Scan the entries below and extract each line with the word "White" in it.

====

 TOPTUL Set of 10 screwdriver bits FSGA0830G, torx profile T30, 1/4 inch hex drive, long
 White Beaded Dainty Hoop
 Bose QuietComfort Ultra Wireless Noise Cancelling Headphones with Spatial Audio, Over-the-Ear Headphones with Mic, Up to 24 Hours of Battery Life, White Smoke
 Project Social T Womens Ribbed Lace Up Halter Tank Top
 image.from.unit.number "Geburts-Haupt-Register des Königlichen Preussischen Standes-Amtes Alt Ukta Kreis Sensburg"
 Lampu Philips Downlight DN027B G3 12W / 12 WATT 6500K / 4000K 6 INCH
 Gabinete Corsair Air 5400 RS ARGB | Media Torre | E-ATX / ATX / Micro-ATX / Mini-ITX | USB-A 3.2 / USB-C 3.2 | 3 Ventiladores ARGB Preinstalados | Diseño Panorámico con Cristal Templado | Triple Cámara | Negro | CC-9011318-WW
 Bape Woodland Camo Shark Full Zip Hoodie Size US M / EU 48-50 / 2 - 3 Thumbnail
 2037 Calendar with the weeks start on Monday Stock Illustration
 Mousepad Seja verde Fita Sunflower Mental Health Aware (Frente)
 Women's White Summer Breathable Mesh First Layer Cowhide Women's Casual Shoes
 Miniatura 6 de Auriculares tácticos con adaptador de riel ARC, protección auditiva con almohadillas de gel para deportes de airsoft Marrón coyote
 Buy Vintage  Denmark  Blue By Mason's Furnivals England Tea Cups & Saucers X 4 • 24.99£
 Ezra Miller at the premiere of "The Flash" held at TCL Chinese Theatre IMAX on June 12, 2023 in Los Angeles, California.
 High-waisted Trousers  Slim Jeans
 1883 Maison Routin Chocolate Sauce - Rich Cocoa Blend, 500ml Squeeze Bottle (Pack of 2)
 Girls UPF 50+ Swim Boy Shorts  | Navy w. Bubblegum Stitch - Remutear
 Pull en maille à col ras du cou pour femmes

====

Written response »
 White Beaded Dainty Hoop
 Bose QuietComfort Ultra Wireless Noise Cancelling Headphones with Spatial Audio, Over-the-Ear Headphones with Mic, Up to 24 Hours of Battery Life, White Smoke
 Women's White Summer Breathable Mesh First Layer Cowhide Women's Casual Shoes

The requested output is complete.